We were on a multi-week camping trip with another young Australian family from St Louis, where we were living at the time, and had driven our small Recreation Vehicles (RVs) across the mid-west to Yellowstone.  Andrew, the father in the other family, was an enthusiastic, if occasional, runner and was keen to join me on some of the runs I planned during the trip.  As usual, I spent a lot of time scanning maps looking for interesting places to run, and had spied the Howard Eaton Trail that ran from near our campground at the Canyon Village to a place called Fishing Bridge.  There was a picnic area at the latter and we arranged for our families to drive there and meet us for lunch.  The total running distance was going to be about 25km, which was going to be a challenge for Andrew. 

The Howard Eaton Trail route in Yellowstone
National Park
The trail followed the valley of the Yellowstone River so wasn't particularly difficult, but it did pass through known habitats of grizzly bears and bison.  While I don't go looking for trouble, I'm willing to take calculated risks if I deem the rewards worthwhile, and am fatalistic about the outcome if the worst happens.  We had seen bison roaming in our campsites, and though of intimidating size and appearance, they didn't seem to be particularly aggressive.  We had also seen a grizzly from the road, and they are of even more intimidating size and appearance.  We were caught in a "bear jam" at the time and it was amusing to watch all of the mothers suddenly hustling their children back into their cars when the grizzly we had all got out to observe and photograph turned in our direction.

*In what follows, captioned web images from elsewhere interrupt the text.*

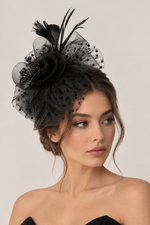 Tulle Flower Fascinator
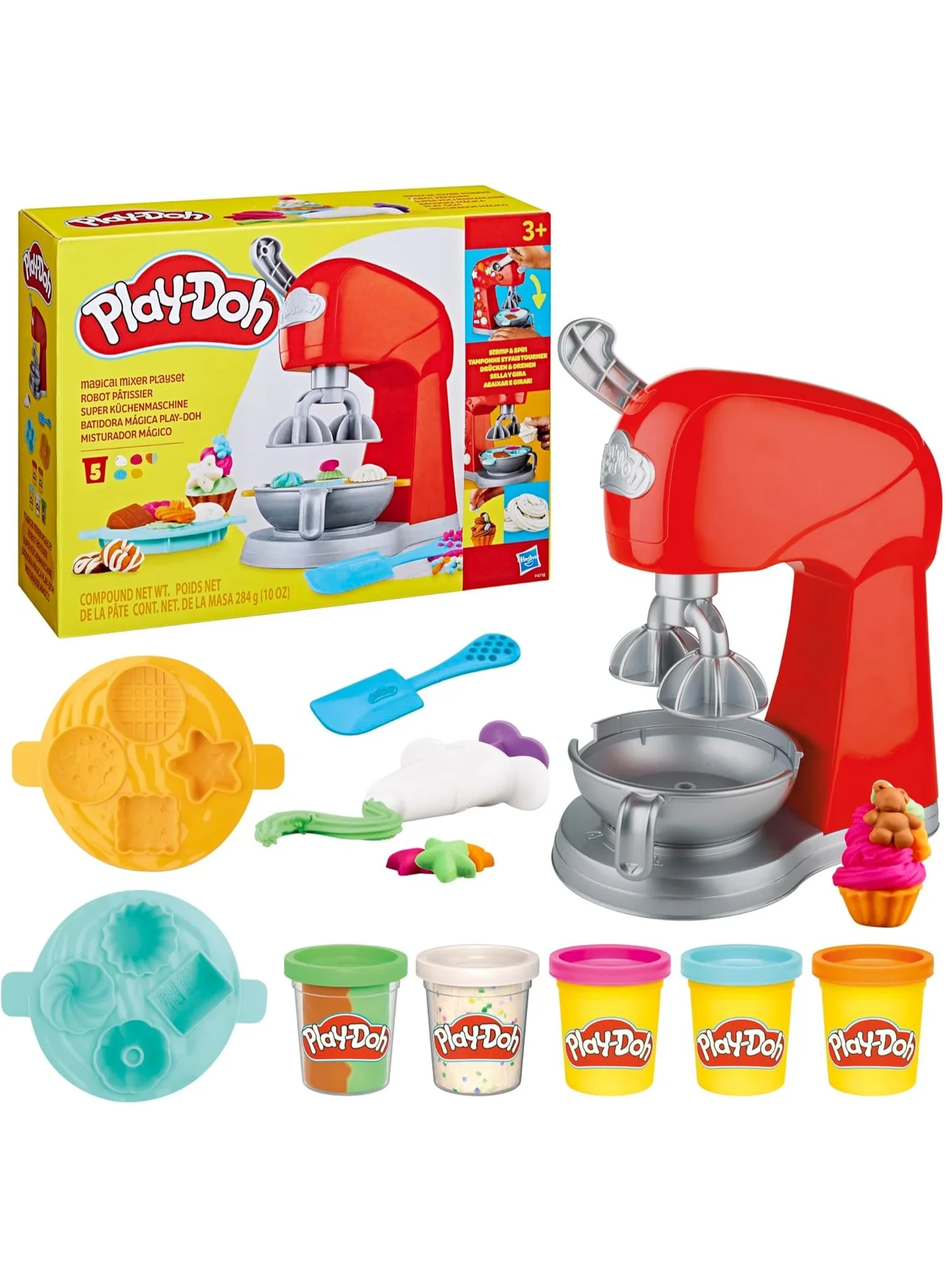 Kitchen Creations Magical Mixer Playset with Play Kitchen Accessories and Modeling Compound for Kids (Multicolor, 1 Set) uv1x5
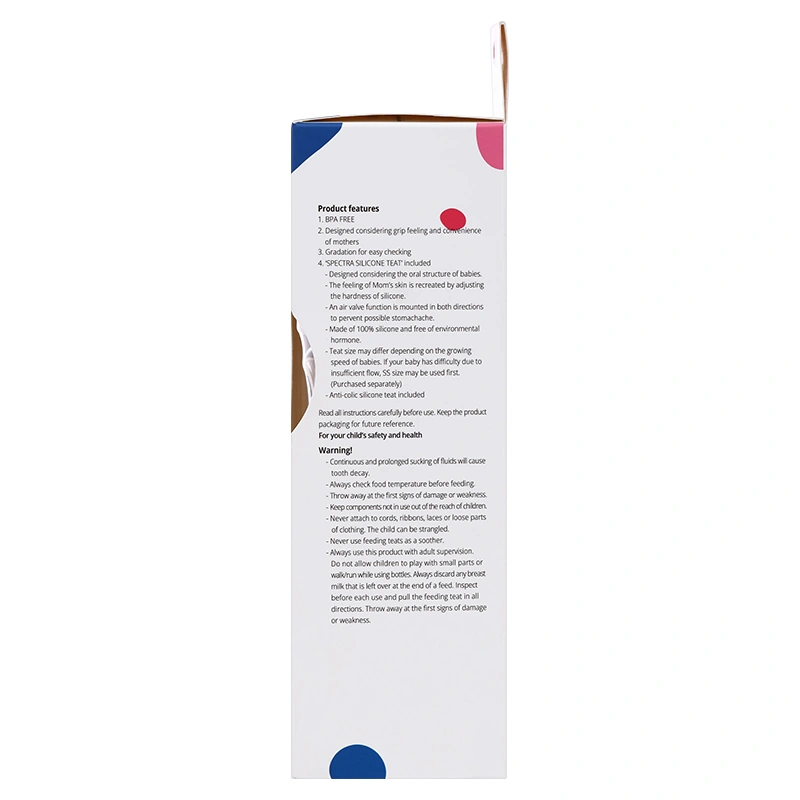 Bình sữa nhựa PPSU Spectra cổ rộng 260 ml (5 - 7 tháng) 12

A bison in Yellowstone National Park
The early kilometres of our run to the trailhead from the campground and along the trail were easy going and we ran at a good pace.  As we got further into the run, our trail crossed a pasture where we could see a herd of bison grazing.  The nearer we got, the more they began to pay attention to us, until they were all quietly watching our approach.  One, in particular, had our attention as it was standing right on the trail.  Our distance closed to less than 100 metres and still the bison did not move.  I was in the lead and telling Andrew I was sure that the bison was playing a game of bluff and would get off the trail (the only alternative seemed to be retracing our steps, and I wasn't keen to do that).  With less than 50 metres between us, the bison put his head down and started snorting and pawing the ground with his right foot, and I started to doubt the wisdom of trying to call his bluff.  I kept running and the distance closed to 25 metres.  Suddenly the bison snorted, lifted his head, and bolted away from the trail.  I think our collective exhaled breaths were nearly as loud as the bison's snort and we continued on powered by adrenalin.

A grizzly bear in Yellowstone National Park
After about 15 kilometres, as we entered a dense pine forest, Andrew's pace flagged and I waited a number of times for him to catch up.  This caused him some embarrassment and he soon suggested I go on ahead.  I was selfishly frustrated at the pace and accepted his offer, taking off through the forest.  Of course, this was the area where we were most likely to meet a grizzly, and any such meeting was likely to end badly.  After a short while, feeling very alone and with all my senses on high alert, I began to wonder whether we might have been wiser to stick together in case of an ursine encounter, but I was reluctant to stop running and kept going.  About 30 minutes later I emerged from the forest and met our families in the picnic ground as planned.  Another 30 minutes passed, still no Andrew, and I started to feel guilty.  After another 15 minutes, visions of a grizzly munching on Andrew began to take shape in our minds.  The guilt finally got to me and I started jogging back along the trail, but had only gone a short distance before meeting Andrew, still happily all in one piece, but exhausted.  He had barely run at all after I left him and the last 10km had taken well over two hours.

My run today was a flat and slow 7km across the sandbar, through McMasters Beach, and return.  I tried some new shoes, but my right Achilles was still sore and my right knee needed nursing the whole way.  However, I didn't force the pace and tried to enjoy the beautiful warm and sunny morning, telling myself that I was lucky to be running at all.